In McNeal v. GMAC Mortg., 735 F.3d 1263 (11th Cir. 2012)cert. pet. den. (S.Ct. May 20, 2014), the Appellate Court upheld the stripping of wholly unsecured liens. The McNeal Court’s holding was in contract to that in Dewsnup v. Timm, 502 U.S. 410 (1992), which held that a partially secured lien could not be stripped-down in chapter 7.

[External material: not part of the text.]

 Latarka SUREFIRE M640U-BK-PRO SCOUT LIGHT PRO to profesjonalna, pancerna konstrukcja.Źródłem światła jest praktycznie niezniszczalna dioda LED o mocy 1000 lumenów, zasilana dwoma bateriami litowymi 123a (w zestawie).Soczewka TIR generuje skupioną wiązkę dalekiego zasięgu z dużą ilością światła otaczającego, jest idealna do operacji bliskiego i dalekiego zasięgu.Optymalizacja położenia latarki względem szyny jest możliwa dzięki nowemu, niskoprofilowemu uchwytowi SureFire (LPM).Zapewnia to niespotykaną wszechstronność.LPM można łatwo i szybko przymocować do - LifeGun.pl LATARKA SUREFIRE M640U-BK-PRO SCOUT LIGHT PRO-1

In Toledo-Cardona and Caulkett, the debtors argue that McNeal was correctly decided. Dewsnup was explicitly limited to its facts and the Supreme Court’s instruction inNobelman v. Am. Sav. Bank, 508 U.S. 324 (1993), to begin analysis with lien valuation under section 506(a) supports the Eleventh Circuit’s position that valueless liens may be stripped off under section 506(d).
This case is very important and has broad reaching affect on many Chapter 7 debtors who have one or more undersecured mortgages.